Pada era Presiden Donald Trump, hubungan AS-Palestina sangat buruk. Palestina membekukan komunikasi dengan AS sebagai protes atas pengakuan pemerintahan Trump terhadap kota Jerusalem sebagai ibu kota Israel pada Desember 2017. Trump membalas dengan menutup kantor PLO di Washington DC pada September 2018 dan menghentikan bantuan dana AS kepada UNRWA pada September 2018.
Adapun bagi bangsa Arab, khususnya kubu prodemokrasi, berembusnya angin demokrasi di Palestina bisa dianggap bagian dari tercapainya cita-cita gerakan musim semi Arab yang memimpikan terwujudnya kebebasan dan demokrasi di dunia Arab. Bergulirnya demokrasi di Palestina bisa membantu menumbuhkan harapan lagi bahwa budaya demokrasi masih bisa dibangun di dunia Arab.
Kandasnya gerakan musim semi Arab akibat berlarut-larutnya perang saudara di Suriah, Yaman, dan Libya telah menumbuhkan rasa keputusasaan akan lahirnya keadaaan yang lebih baik di dunia Arab, sesuai dengan cita-cita gerakan musim semi Arab itu.
Aksi unjuk rasa di Irak dan Lebanon yang dianggap gelombang kedua dari gerakan musim semi Arab juga belum menemukan titik terang ke arah tercitanya keadaan yang lebih baik di kedua negara.
Bahkan, Tunisia yang dinobatkan sebagai satu-satunya negara Arab yang berhasil membangun sistem demokrasi sampai saat ini masih dilanda ketidakstabilan politik dan ekonomi. Maka, bisa disebut, jalan masih panjang bagi dunia Arab untuk mencapai cita-cita gerakan musim semi Arab.
Berita baik dari Palestina yang akan menggelar pemilu pada 2021 ini bisa menjadi obat atas kekecewaan publik Arab dalam melihat situasi umum di dunia Arab yang karut-marut saat ini.
Kini, semua pihak, baik internal Palestina, dunia Arab, maupun masyarakat internasional, sangat berkepentingan bagi suksesnya penyelenggaraan pemilu Palestina itu jika mereka ingin membantu segera tercapainya solusi konflik Israel-Palestina.

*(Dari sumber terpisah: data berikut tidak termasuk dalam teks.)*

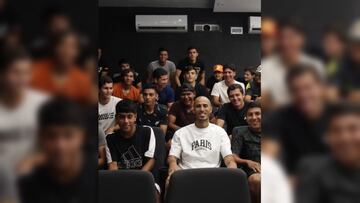 ¡Gran detalle! Guido Pizarro dio charla a jóvenes de fuerzas básicas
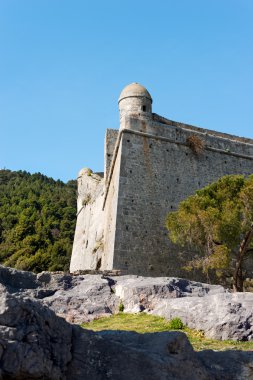 Portovenere Castle bir nöbetçi kutusuyla - Liguria İtalya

Harapan semua faksi politik Palestina, dunia Arab, dan masyarakat internasional menghormati hasil pemilu Palestina mendatang, siapa pun yang memenangkan pemilu nanti. Pengakuan atas hasil pemilu ini merupakan langkah awal niat baik menuju proses penguraian problema isu Palestina yang lain.